#### [What needs to be done]
Could you give the data that follows again exactly, without its pictures?

#### [Available data]

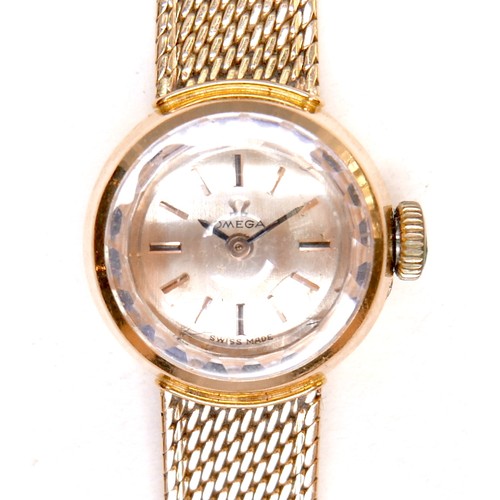 224 - An Omega 18K gold cased lady's wristwatch, circa 1970s, model 542.645, the circular gold dial with g... 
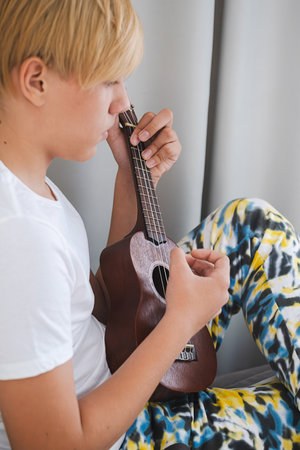 Teenage boy practicing strumming on ukulele.の写真素材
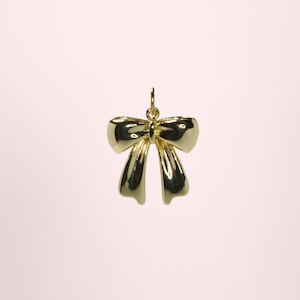 Peut inclure: Un pendentif en forme de nœud doré avec une boucle en haut pour une chaîne. Le nœud a une finition brillante et est suspendu sur un fond rose clair. Le pendentif est un bijou.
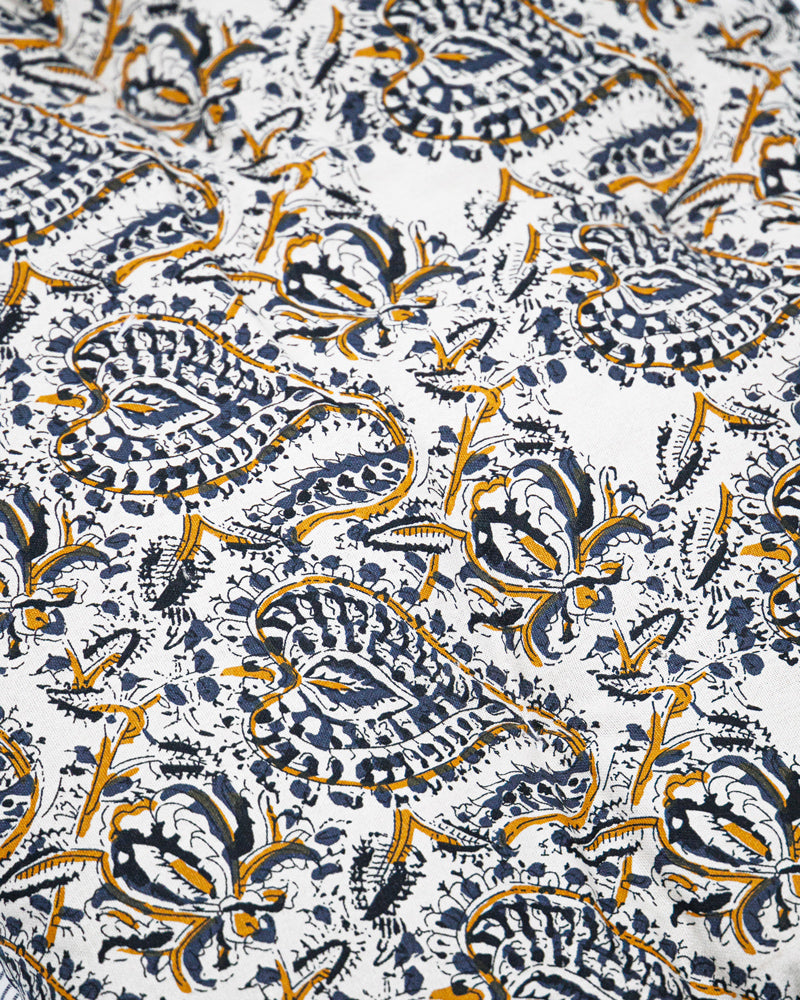 Patterned fabric with blue and ochre paisley and floral design on a white background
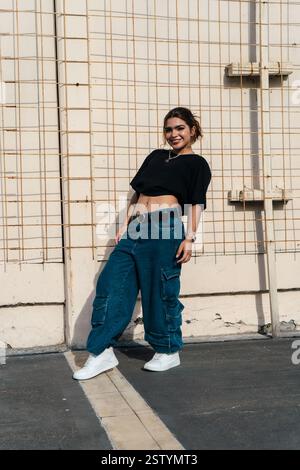 Stilvolle Frau posiert selbstbewusst draußen vor einer strukturierten Wand Stockfoto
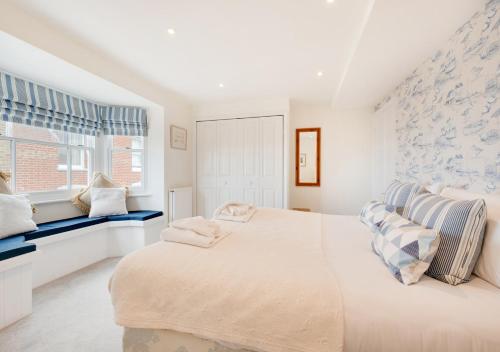 a white bedroom with a large bed and a window at 9 King Street in Aldeburgh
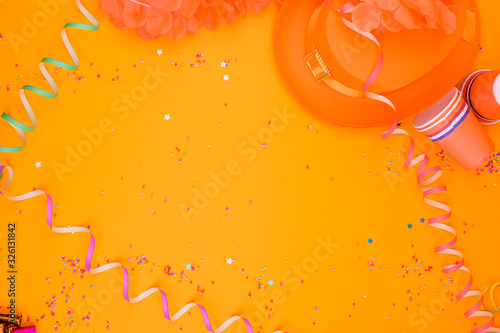 Decor for a traditional celebration of King's Day in the Netherlands. Carnival decorations on a yellow background. A free place for text. Flat lay.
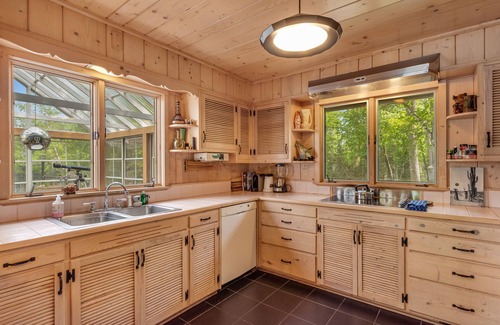 Land O Lakes House | Dog-friendly lakefront home with lake views, sauna, dock, firepit - near skiing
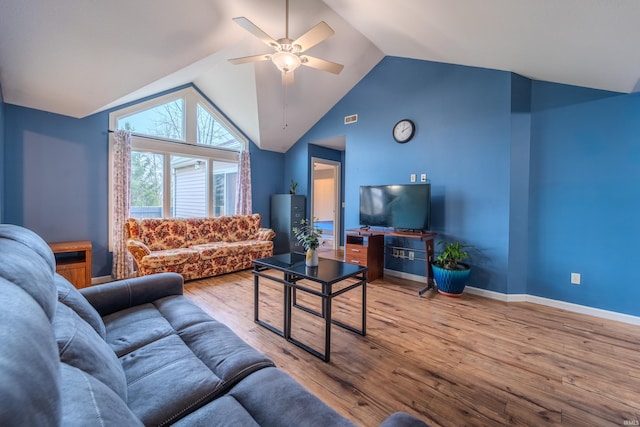 living room with ceiling fan, light hardwood / wood-style flooring, and vaulted ceiling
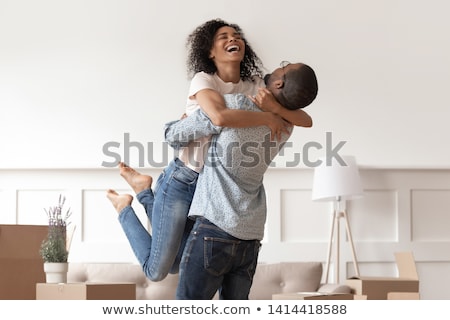 Stok fotoğraf: Young Wife Celebrating With Husband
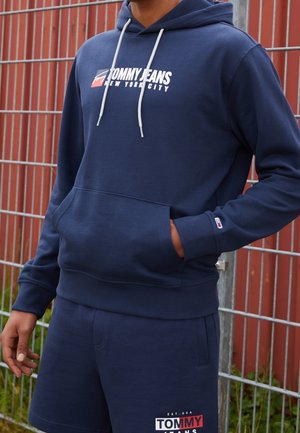 Person trägt einen dunkelblauen Tommy Jeans Hoodie und passende Shorts und steht mit einer Hand in der Tasche vor einem Metallzaun.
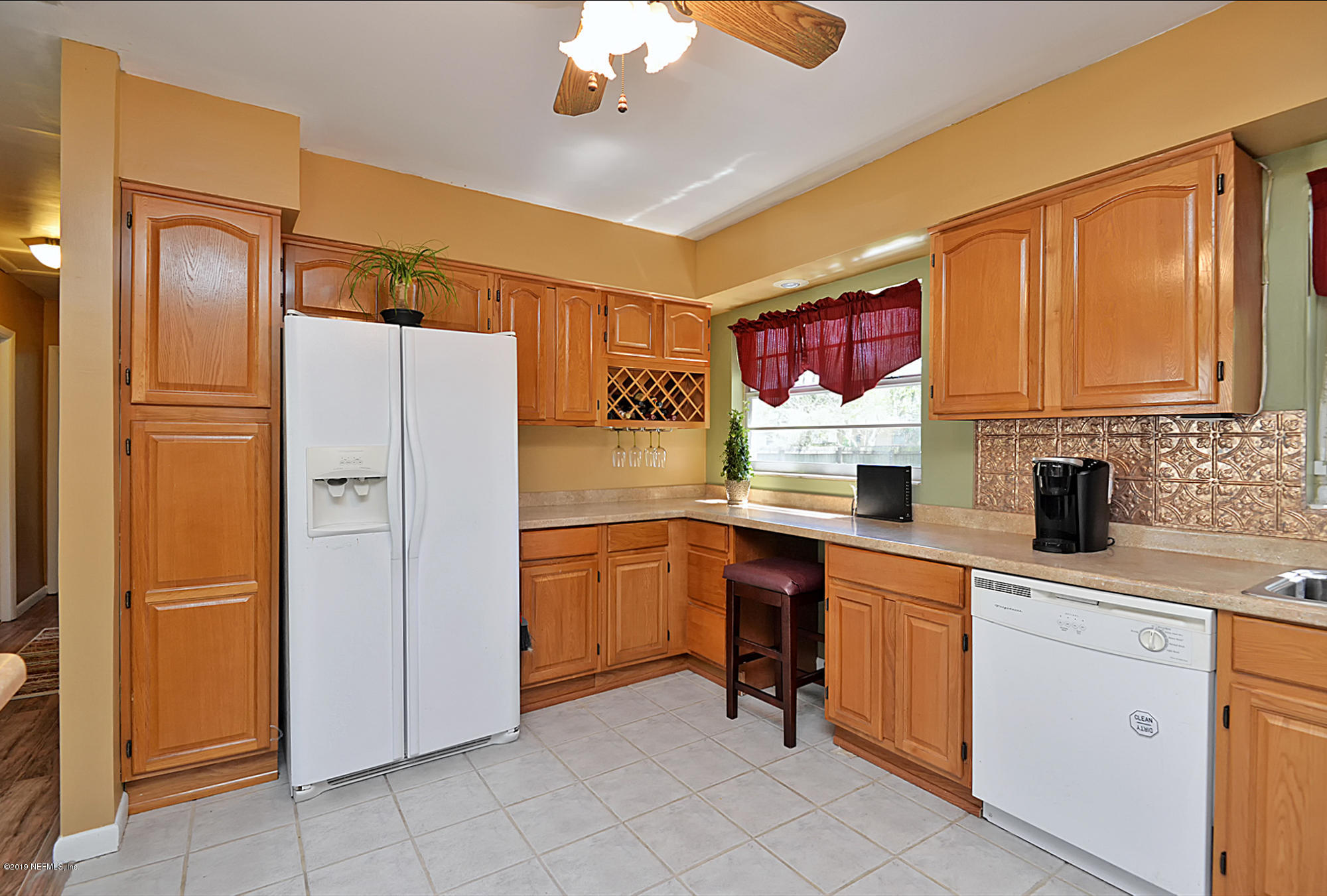 7442 Melvin Road Jacksonville, FL 32210 - Photo 8 of 17 a kitchen with stainless steel appliances granite countertop a refrigerator and a sink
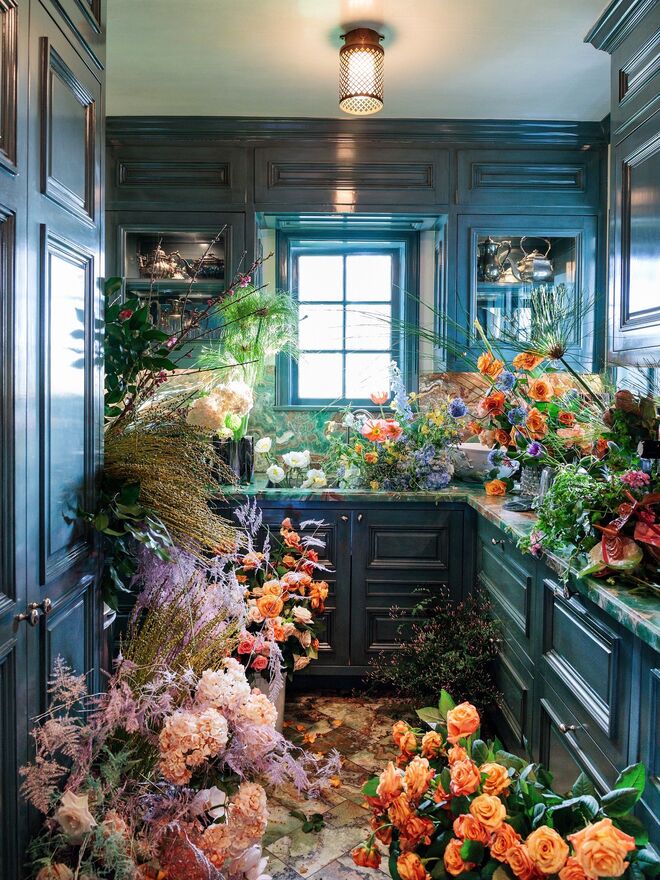 A antiga cozinha do mordomo é o espaço de reflexão da decoradora, com vista para os eucaliptos no exterior. O espaço está cheio de flores em preparação para uma festa. Do livro Evocative Style, de Kelly Wearstler (Rizzoli).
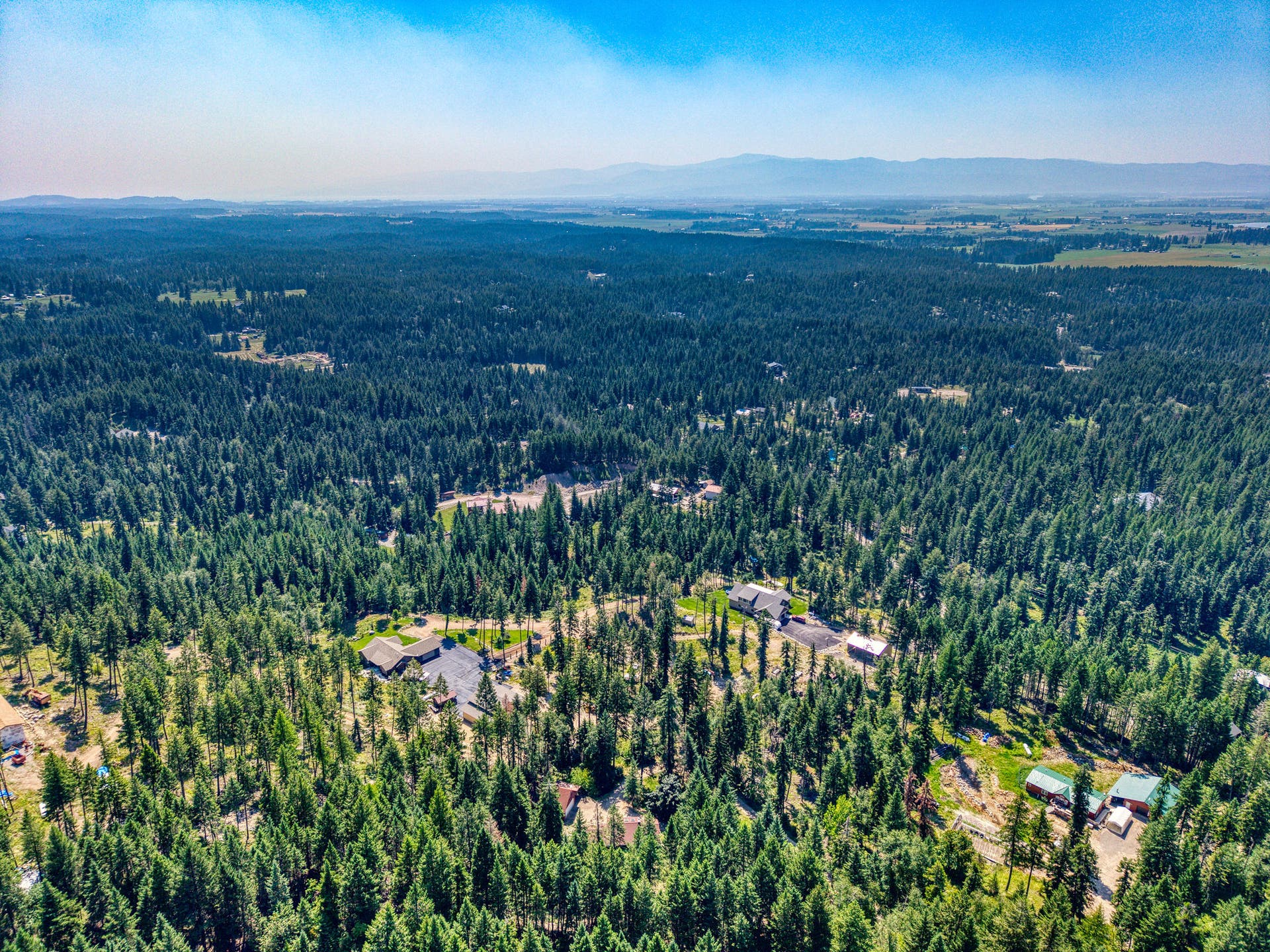 244 Bench Drive, Kalispell, MT 59901 Aerial drone shot of 244 Bench Run home on 3 acres near Flathead Lake and Bigfork MT. Wooded privacy just minutes from Flathead Lake, Bigfork, and world-class hiking in the Jewel Basin.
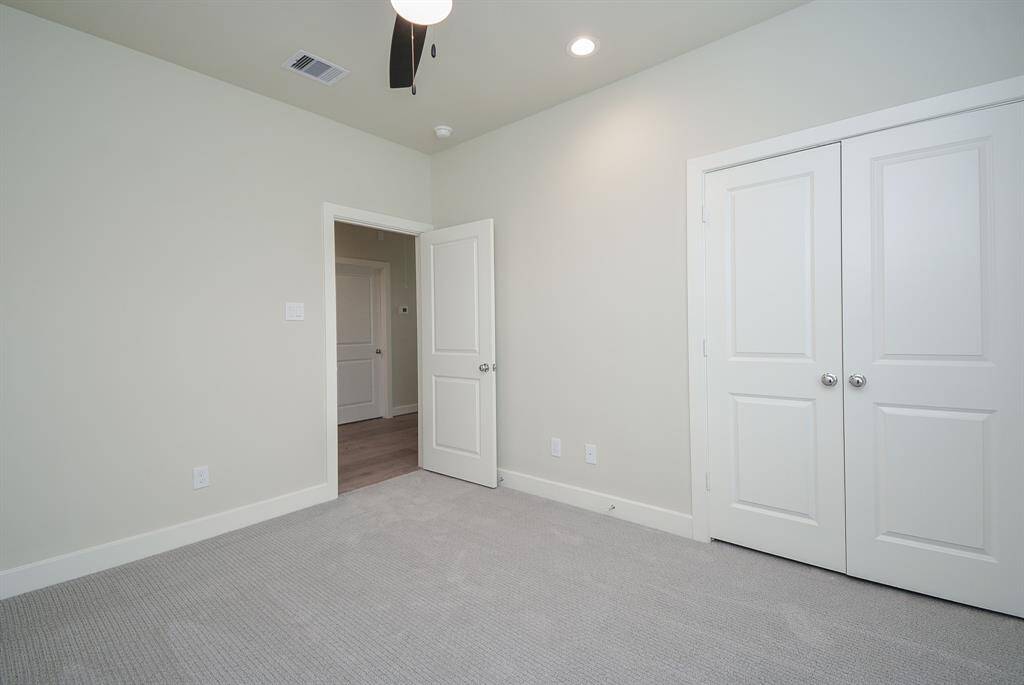 Indulge in the spacious comfort of the primary bedroom, complete with the added luxury of a walk-in closet.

#### [Reply to the task]
 224 - An Omega 18K gold cased lady's wristwatch, circa 1970s, model 542.645, the circular gold dial with g... 
 Teenage boy practicing strumming on ukulele.の写真素材
 Peut inclure: Un pendentif en forme de nœud doré avec une boucle en haut pour une chaîne. Le nœud a une finition brillante et est suspendu sur un fond rose clair. Le pendentif est un bijou.
 Patterned fabric with blue and ochre paisley and floral design on a white background
 Stilvolle Frau posiert selbstbewusst draußen vor einer strukturierten Wand Stockfoto
 a white bedroom with a large bed and a window at 9 King Street in Aldeburgh
 Decor for a traditional celebration of King's Day in the Netherlands. Carnival decorations on a yellow background. A free place for text. Flat lay.
 Land O Lakes House | Dog-friendly lakefront home with lake views, sauna, dock, firepit - near skiing
 living room with ceiling fan, light hardwood / wood-style flooring, and vaulted ceiling
 Stok fotoğraf: Young Wife Celebrating With Husband
 Person trägt einen dunkelblauen Tommy Jeans Hoodie und passende Shorts und steht mit einer Hand in der Tasche vor einem Metallzaun.
 7442 Melvin Road Jacksonville, FL 32210 - Photo 8 of 17 a kitchen with stainless steel appliances granite countertop a refrigerator and a sink
 A antiga cozinha do mordomo é o espaço de reflexão da decoradora, com vista para os eucaliptos no exterior. O espaço está cheio de flores em preparação para uma festa. Do livro Evocative Style, de Kelly Wearstler (Rizzoli).
 244 Bench Drive, Kalispell, MT 59901 Aerial drone shot of 244 Bench Run home on 3 acres near Flathead Lake and Bigfork MT. Wooded privacy just minutes from Flathead Lake, Bigfork, and world-class hiking in the Jewel Basin.
 Indulge in the spacious comfort of the primary bedroom, complete with the added luxury of a walk-in closet.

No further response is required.